• **What you have to do**
Return the records verbatim.

• **Given entries**
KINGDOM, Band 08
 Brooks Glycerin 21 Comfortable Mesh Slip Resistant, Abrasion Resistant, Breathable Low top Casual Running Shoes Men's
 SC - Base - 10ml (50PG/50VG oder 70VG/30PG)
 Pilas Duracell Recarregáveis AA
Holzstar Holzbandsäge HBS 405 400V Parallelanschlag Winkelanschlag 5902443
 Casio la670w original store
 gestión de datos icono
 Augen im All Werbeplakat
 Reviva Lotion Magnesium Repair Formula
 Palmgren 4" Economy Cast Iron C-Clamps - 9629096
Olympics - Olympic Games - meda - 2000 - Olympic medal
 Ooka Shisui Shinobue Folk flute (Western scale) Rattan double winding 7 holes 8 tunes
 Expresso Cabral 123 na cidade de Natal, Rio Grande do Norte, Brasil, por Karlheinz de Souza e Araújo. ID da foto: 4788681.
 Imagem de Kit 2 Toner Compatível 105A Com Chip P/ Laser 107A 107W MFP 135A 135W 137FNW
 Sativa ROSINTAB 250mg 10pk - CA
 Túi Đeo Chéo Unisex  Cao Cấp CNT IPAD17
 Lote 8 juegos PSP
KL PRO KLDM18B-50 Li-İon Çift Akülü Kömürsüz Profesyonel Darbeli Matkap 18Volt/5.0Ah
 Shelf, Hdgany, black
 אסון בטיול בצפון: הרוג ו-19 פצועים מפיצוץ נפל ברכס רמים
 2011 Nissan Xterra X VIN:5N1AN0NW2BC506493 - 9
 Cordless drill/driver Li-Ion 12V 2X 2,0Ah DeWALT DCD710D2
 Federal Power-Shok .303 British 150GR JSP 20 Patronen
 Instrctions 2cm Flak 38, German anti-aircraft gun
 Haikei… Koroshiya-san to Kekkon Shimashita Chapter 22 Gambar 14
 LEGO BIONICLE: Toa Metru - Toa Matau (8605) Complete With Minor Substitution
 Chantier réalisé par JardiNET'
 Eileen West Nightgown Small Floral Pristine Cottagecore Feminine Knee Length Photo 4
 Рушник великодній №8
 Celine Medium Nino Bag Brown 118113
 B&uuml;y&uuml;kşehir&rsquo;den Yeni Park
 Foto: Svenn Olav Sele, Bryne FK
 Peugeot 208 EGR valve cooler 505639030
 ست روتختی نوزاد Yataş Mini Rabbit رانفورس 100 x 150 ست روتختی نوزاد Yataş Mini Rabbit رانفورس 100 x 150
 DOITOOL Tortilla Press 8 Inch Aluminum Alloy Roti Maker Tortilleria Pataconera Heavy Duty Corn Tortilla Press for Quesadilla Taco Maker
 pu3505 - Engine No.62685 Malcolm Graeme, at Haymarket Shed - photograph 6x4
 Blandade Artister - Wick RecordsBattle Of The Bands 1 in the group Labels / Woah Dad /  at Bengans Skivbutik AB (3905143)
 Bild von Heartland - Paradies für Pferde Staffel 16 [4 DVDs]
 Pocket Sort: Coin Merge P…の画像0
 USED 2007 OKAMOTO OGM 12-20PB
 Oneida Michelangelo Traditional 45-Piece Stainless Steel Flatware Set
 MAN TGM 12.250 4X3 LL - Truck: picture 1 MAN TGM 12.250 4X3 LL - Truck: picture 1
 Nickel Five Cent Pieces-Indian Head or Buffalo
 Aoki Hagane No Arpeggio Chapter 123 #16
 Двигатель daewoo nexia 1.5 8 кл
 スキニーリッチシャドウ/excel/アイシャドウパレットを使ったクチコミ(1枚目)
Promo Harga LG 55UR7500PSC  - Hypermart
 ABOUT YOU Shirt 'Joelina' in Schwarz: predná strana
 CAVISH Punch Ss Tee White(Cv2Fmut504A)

• **Response to the exercise**
KINGDOM, Band 08
 Brooks Glycerin 21 Comfortable Mesh Slip Resistant, Abrasion Resistant, Breathable Low top Casual Running Shoes Men's
 SC - Base - 10ml (50PG/50VG oder 70VG/30PG)
 Pilas Duracell Recarregáveis AA
Holzstar Holzbandsäge HBS 405 400V Parallelanschlag Winkelanschlag 5902443
 Casio la670w original store
 gestión de datos icono
 Augen im All Werbeplakat
 Reviva Lotion Magnesium Repair Formula
 Palmgren 4" Economy Cast Iron C-Clamps - 9629096
Olympics - Olympic Games - meda - 2000 - Olympic medal
 Ooka Shisui Shinobue Folk flute (Western scale) Rattan double winding 7 holes 8 tunes
 Expresso Cabral 123 na cidade de Natal, Rio Grande do Norte, Brasil, por Karlheinz de Souza e Araújo. ID da foto: 4788681.
 Imagem de Kit 2 Toner Compatível 105A Com Chip P/ Laser 107A 107W MFP 135A 135W 137FNW
 Sativa ROSINTAB 250mg 10pk - CA
 Túi Đeo Chéo Unisex  Cao Cấp CNT IPAD17
 Lote 8 juegos PSP
KL PRO KLDM18B-50 Li-İon Çift Akülü Kömürsüz Profesyonel Darbeli Matkap 18Volt/5.0Ah
 Shelf, Hdgany, black
 אסון בטיול בצפון: הרוג ו-19 פצועים מפיצוץ נפל ברכס רמים
 2011 Nissan Xterra X VIN:5N1AN0NW2BC506493 - 9
 Cordless drill/driver Li-Ion 12V 2X 2,0Ah DeWALT DCD710D2
 Federal Power-Shok .303 British 150GR JSP 20 Patronen
 Instrctions 2cm Flak 38, German anti-aircraft gun
 Haikei… Koroshiya-san to Kekkon Shimashita Chapter 22 Gambar 14
 LEGO BIONICLE: Toa Metru - Toa Matau (8605) Complete With Minor Substitution
 Chantier réalisé par JardiNET'
 Eileen West Nightgown Small Floral Pristine Cottagecore Feminine Knee Length Photo 4
 Рушник великодній №8
 Celine Medium Nino Bag Brown 118113
 B&uuml;y&uuml;kşehir&rsquo;den Yeni Park
 Foto: Svenn Olav Sele, Bryne FK
 Peugeot 208 EGR valve cooler 505639030
 ست روتختی نوزاد Yataş Mini Rabbit رانفورس 100 x 150 ست روتختی نوزاد Yataş Mini Rabbit رانفورس 100 x 150
 DOITOOL Tortilla Press 8 Inch Aluminum Alloy Roti Maker Tortilleria Pataconera Heavy Duty Corn Tortilla Press for Quesadilla Taco Maker
 pu3505 - Engine No.62685 Malcolm Graeme, at Haymarket Shed - photograph 6x4
 Blandade Artister - Wick RecordsBattle Of The Bands 1 in the group Labels / Woah Dad /  at Bengans Skivbutik AB (3905143)
 Bild von Heartland - Paradies für Pferde Staffel 16 [4 DVDs]
 Pocket Sort: Coin Merge P…の画像0
 USED 2007 OKAMOTO OGM 12-20PB
 Oneida Michelangelo Traditional 45-Piece Stainless Steel Flatware Set
 MAN TGM 12.250 4X3 LL - Truck: picture 1 MAN TGM 12.250 4X3 LL - Truck: picture 1
 Nickel Five Cent Pieces-Indian Head or Buffalo
 Aoki Hagane No Arpeggio Chapter 123 #16
 Двигатель daewoo nexia 1.5 8 кл
 スキニーリッチシャドウ/excel/アイシャドウパレットを使ったクチコミ(1枚目)
Promo Harga LG 55UR7500PSC  - Hypermart
 ABOUT YOU Shirt 'Joelina' in Schwarz: predná strana
 CAVISH Punch Ss Tee White(Cv2Fmut504A)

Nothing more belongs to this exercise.